Говорившее о красоте, которая превратилась в свою противоположность.

Между широкими скулами помещались миндалевидные глаза. Серый цвет радужных оболочек я бы сравнила со слюной. Слезившиеся белки белизной отнюдь не отличались, а имели светло-желтый оттенок. Веки, лишенные ресниц, были как будто слегка влажны. Они мигали, но без всякого ритма: то быстро, раз пять подряд, то медленно, а потом долго не мигали. Нос был на удивление изящный, вздернутый. Рот – суровый, словно сточенный жесткими словами вроде тех, какими она меня встретила (голос от нечастого употребления хрипел):

– Посадите ее туда. – Она повелительно кивнула. – На место оратора.

Меня подвели к утрамбованному участку перед старым дубом. Я ждала, глядя на существо, медленно приближавшееся в сопровождении индейца с голым черепом вместо лица, который бережно держал ее шлейф волос. Затем индеец пристроил его на крюк – ржавый железный крюк, вбитый – судя по всему, очень давно – в дерево, перед которым я стояла. На других деревьях виднелись такие же крюки, прибитые на высоте ее роста.

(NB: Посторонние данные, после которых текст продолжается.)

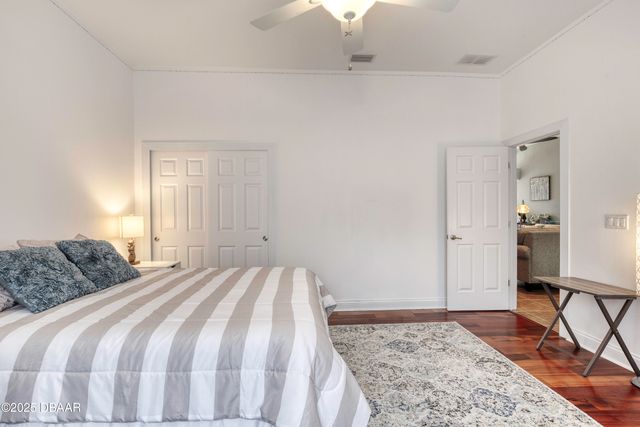 50 Rocky Bluff Drive, Ormond Beach, FL 32174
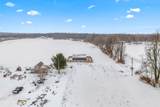 7505 Reading Road - Photo 13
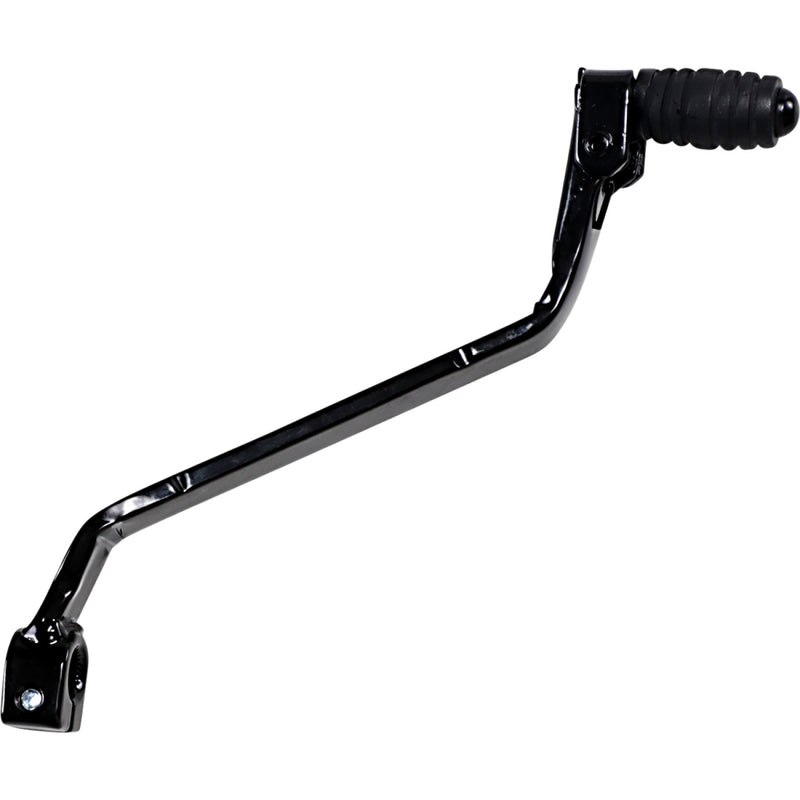 Moose Racing Shift Lever - Steel - Kawasaki D07-2321B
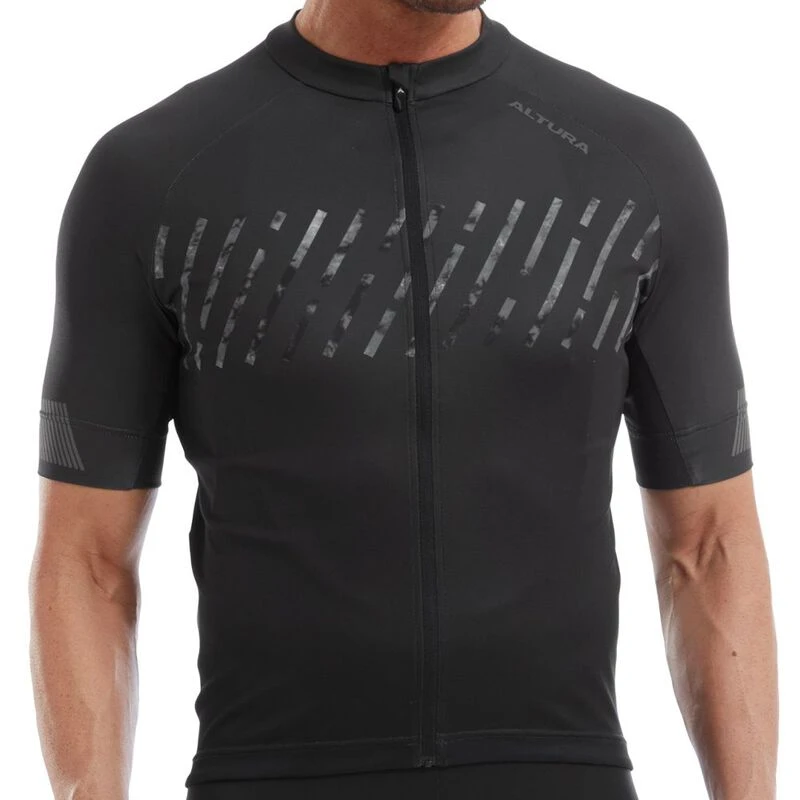 Altura airstream jersey store
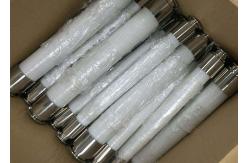 China Polyster And Stainless Steel Wire Reinforced Hose High Pressure Resistant supplier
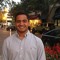 Rohan Agrawal 5
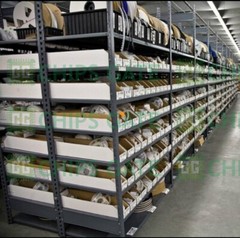 1PCS Used FANUC A20B-3300-0120 Tested in Good condition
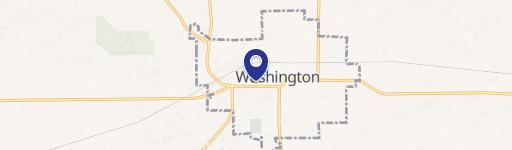 Washington, IA 52353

Освобожденная от бремени волос, Сладкая Мари выпрямилась и подняла взгляд на меня, но тут подошедший Пятиубивец что-то зашептал ей на ухо; чтобы понять, о чем он говорит, слышать было не обязательно, я уже уверилась, что он разгадал меня и как ведьму, и как мужчину-женщину. И конечно (теперь я знаю, что это было обязательно), старая карга поманила меня к себе, чтобы удобней…

– И то и другое, – проговорила она. – И то и другое?

И выкинула вперед свою твердую, как железо, руку – надавить, ощупать… узнать меня.

Когда я отстранилась, ее волосы соскользнули с крюка, голова задралась, обнажился лоб – слишком широкий, слишком округлый и высокий. Я заметила у нее в ушах ветвистые серьги, какие носят семинолы, – длинные, в бусинах. Она подступала, а я потихоньку удалялась, пока не отошла на безопасное расстояние. Верно, груз волос оттягивал кожу у нее на лбу.

– Нет, нет, дорогая, – произнесла она. – Не отбивайся от Сладкой Мари.

В ответ я показала глаз; она тоже.

– Сильная. И мужчина, и женщина… Это что-то совсем новенькое для Сладкой Мари.

Протяжно произнесенное слово «новенькое» прозвучало обидно; вначале послышался звук «г», словно она отнесла меня к докучным тварям, вроде гнуса или гномов.